The cost of expansion is set to drag on first-half profits for HSS Hire.
July 2, 2015

Shares in recently listed HSS Hire (HSS) tumbled by just over a quarter on the day the tool hire specialist announced its first-half cash profits this year would be flat on 2014. Second-quarter trading was marginally below expectations, according to the group's six-month trading update. Management blamed this on weaker activity in larger client accounts and falling demand for cooling equipment. However, customer activity moved towards more usual levels in June and management expects high-single-digit organic revenue growth for the second quarter.

IC TIP: Buy at 134p

 

 

The group is in the middle of its branch rollout programme, which is also expected to drag on profits in the first half. So far this year it has opened 28 branches, with another 22 in progress. Another six locations are in development, to be opened in 2016. HSS has been focusing on reducing its large debt pile over the past year to support its expansion plans.
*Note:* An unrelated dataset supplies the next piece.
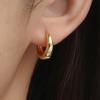 Classic  Geometric Smooth Hoop Earrings For Women Circle Punk Ear Buckle Ins Vintage Korean Trendy Jewelry Party Gift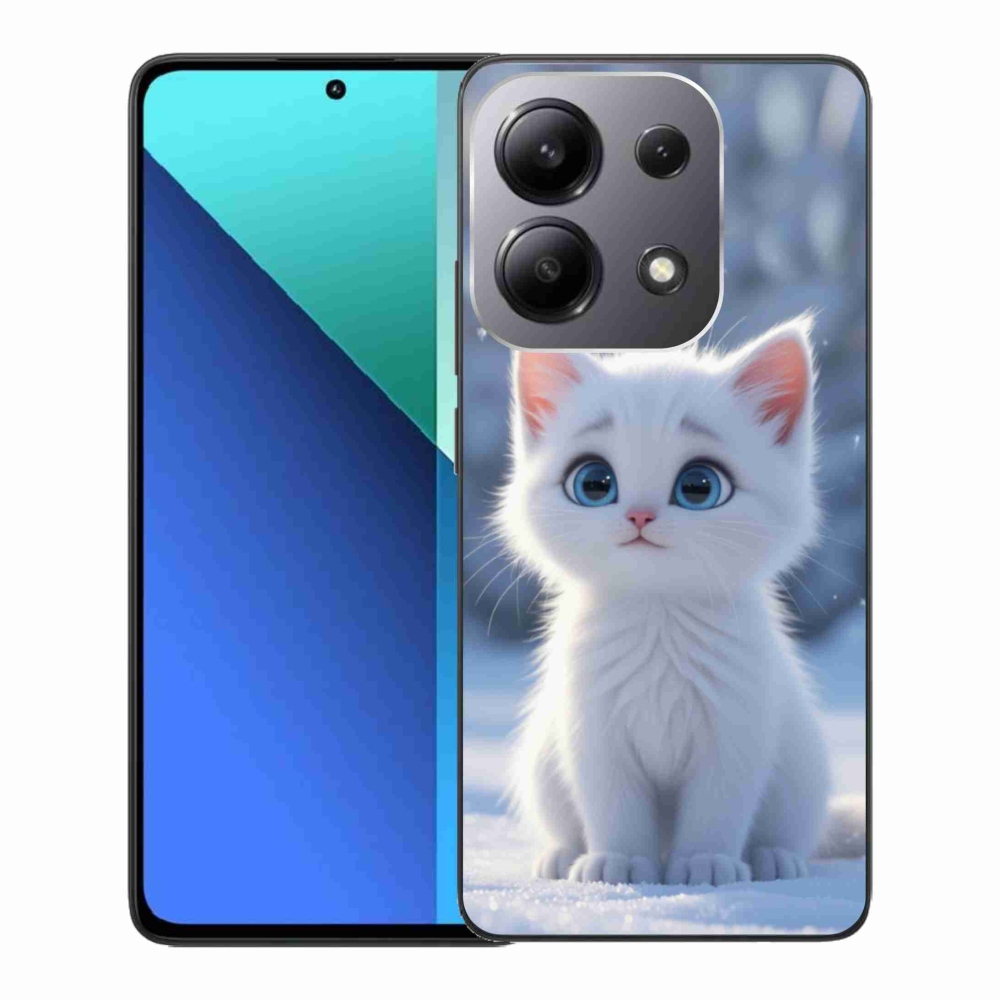 Gélový kryt mmCase na Xiaomi Redmi Note 13 - biele mačiatko 3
This has included issuing £200m in senior secured loans as well as using part of the £103m in gross proceeds from its February IPO.

 

Numis Securities says...

Add. With the softness more evident in the Core Hire and HSS OneCall businesses, we assume the reduced revenues have a drop-through cash profits margin of around 25 per cent. Although June trading is returning to more normalised levels, the second quarter has been a little behind management's expectations, and we have reduced our full-year revenue and cash profit expectations by 4-5 per cent, although this equates to an 18 per cent reduction at the EPS level. We lower our price target to 200p (previously 235p) and change our recommendation from buy to add.

 

Canaccord says...

Hold. The company has highlighted that trading during the second quarter was below expectations due to key account weakness particularly during April and May and cooling equipment weakness during the period. Activity has picked up in June. First-half cash profits are flat year-on-year (growth was 27 per cent in the 2014 full-year), requiring 34 per cent year-on-year growth to meet our current full-year 2015 estimates. As a result we anticipate that we will be reducing estimates for the current year by 5-10 per cent with a similar reduction to our price target. Hold.